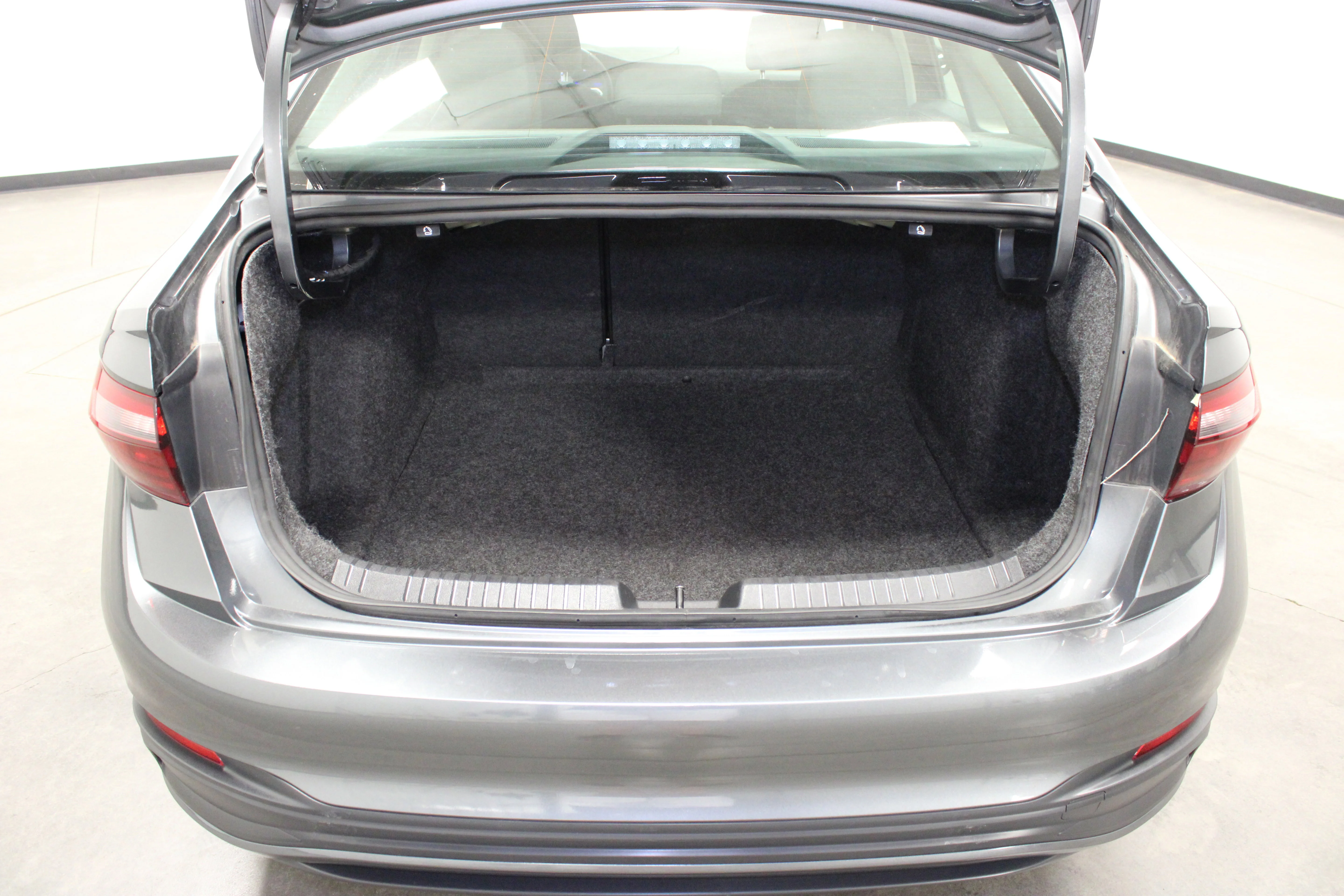 Used 2024 Pyrite Silver Metallic Volkswagen 1.5T S image 12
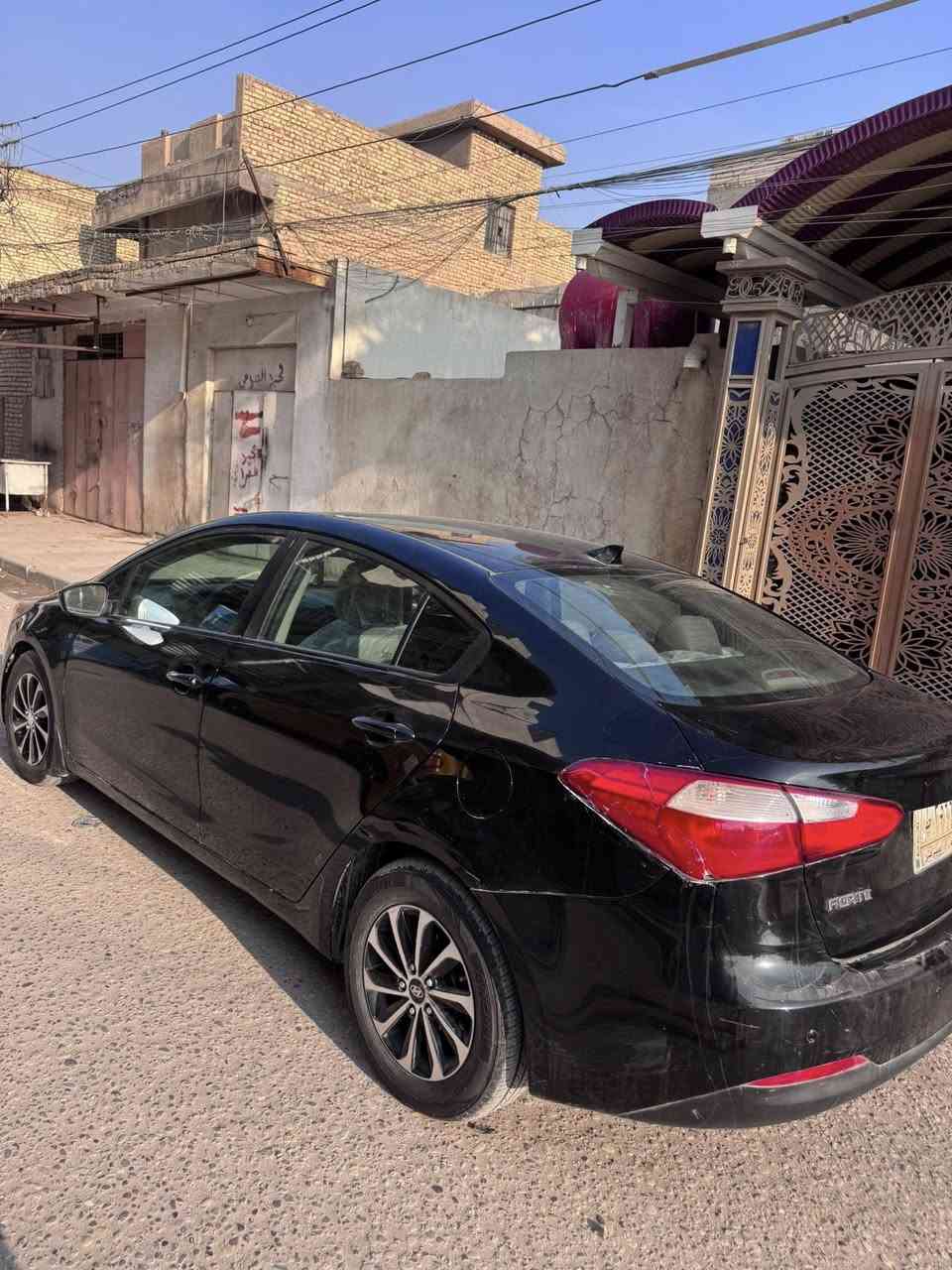 السلام عليكم 
فورتي 2015  
مكينه 2000 دوش
وارد امريكي 
صور الحادث والسونار موجوده بالصور
انضربت عندي جاملغ خلفي وقبق الجنطه 
بدلت القبق ولدعاميه نفس اللون
ماشيه 90 الف
رقم بغداد حره
مكانهه ميسان العماره
السعر 95$
***********
0786 069 0888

→ What you need to do
Return the entries above exactly, skipping any images.

→ Reply to the task
 Used 2024 Pyrite Silver Metallic Volkswagen 1.5T S image 12
 السلام عليكم 
فورتي 2015  
مكينه 2000 دوش
وارد امريكي 
صور الحادث والسونار موجوده بالصور
انضربت عندي جاملغ خلفي وقبق الجنطه 
بدلت القبق ولدعاميه نفس اللون
ماشيه 90 الف
رقم بغداد حره
مكانهه ميسان العماره
السعر 95$
***********
0786 069 0888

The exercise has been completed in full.